"Pickles are so summer."
-John O'Callagan
That is, perhaps, one of
the stupidest tweets I have ever read in my life. It is also one of the truest.
Pickles are quintessentially summer (and
I spelled quintessentially right the
first time, without Google). Think about it, summer is hot. It is the season of
BBQs, cookouts, late nights doing stupid things, celebrations, pool parties,
and good friends. And in the midst of all that awesome: pickles. We put them on
burgers (hamburger dills, my favorite), on our hot dogs, in our potato salad,
and sometimes we just eat them out of the jar using our fingers (don't tell my dad).
But only in the summer
do we enjoy these slices of sour cucumber-y deliciousness. No one eats pickles
in the winter, not even in the fall. “Here, would you like some pickles with
Thanksgiving fare, perhaps with your stuffing?” See, that sounds disgusting.
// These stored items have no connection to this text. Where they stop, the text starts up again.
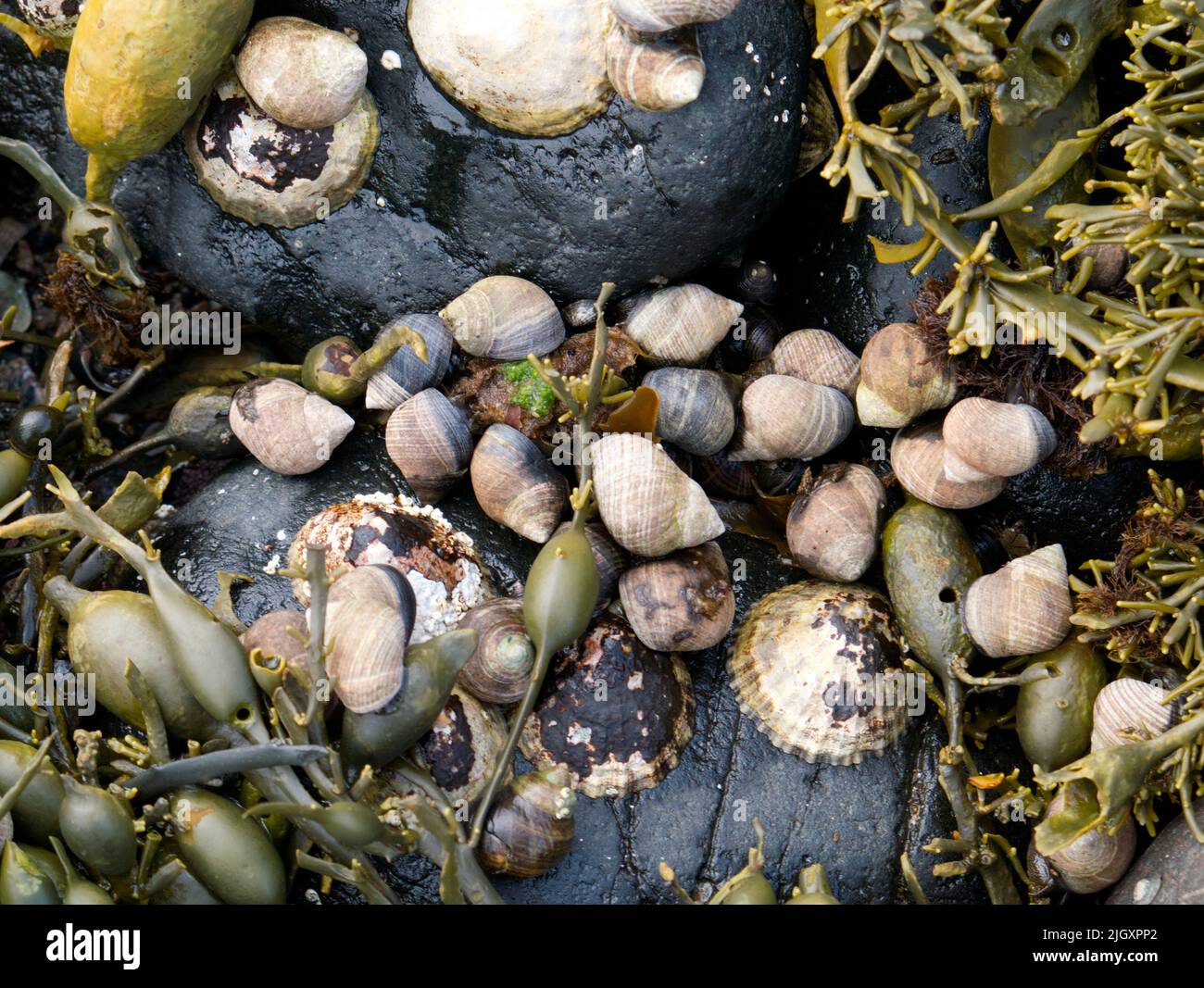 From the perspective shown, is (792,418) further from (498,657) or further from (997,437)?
(498,657)

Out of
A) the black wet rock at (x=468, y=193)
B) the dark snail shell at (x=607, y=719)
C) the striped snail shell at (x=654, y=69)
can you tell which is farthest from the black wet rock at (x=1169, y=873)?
the striped snail shell at (x=654, y=69)

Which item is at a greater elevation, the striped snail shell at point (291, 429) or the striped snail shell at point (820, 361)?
the striped snail shell at point (820, 361)

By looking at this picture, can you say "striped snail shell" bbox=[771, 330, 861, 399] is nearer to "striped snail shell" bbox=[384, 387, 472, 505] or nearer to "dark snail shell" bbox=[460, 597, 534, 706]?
"striped snail shell" bbox=[384, 387, 472, 505]

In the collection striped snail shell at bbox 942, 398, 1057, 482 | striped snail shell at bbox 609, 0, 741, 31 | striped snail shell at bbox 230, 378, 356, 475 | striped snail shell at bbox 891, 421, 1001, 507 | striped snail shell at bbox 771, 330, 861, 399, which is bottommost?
striped snail shell at bbox 230, 378, 356, 475

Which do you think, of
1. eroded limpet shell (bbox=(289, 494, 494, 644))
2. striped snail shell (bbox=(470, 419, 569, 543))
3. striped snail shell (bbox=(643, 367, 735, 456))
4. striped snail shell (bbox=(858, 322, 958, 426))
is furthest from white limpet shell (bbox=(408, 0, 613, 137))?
eroded limpet shell (bbox=(289, 494, 494, 644))

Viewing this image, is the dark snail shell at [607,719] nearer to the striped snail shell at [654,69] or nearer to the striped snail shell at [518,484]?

Pickles just aren’t right for winter. They were meant for summer, for friends,
for BBQs. Some things are meant to be relished
(pun intended) at certain times, and pickles, well they’re one of those things.
As I sit here in my dorm
room, bundled up in a sweater, cotton socks, and rock out to The Chain Gang of
1974, all I want is to lay in the sun and eat a pickle. All I want is to have
to reapply SPF 100 (it exists) to my pale Irish skin and have the sun beat down
unbearably while I dip into a pickle jar.
But alas! I have a
journal article to review and summarize for my psychology course and a
religions test to study for.
(and if you haven't, check out The Chain Gang of 1974. Your ears will be forever grateful! Find them on Spotify, YouTube, Facebook, and Twitter!)*
*I'm not being paid to tell you to listen to them, honest! I just really want the world to hear.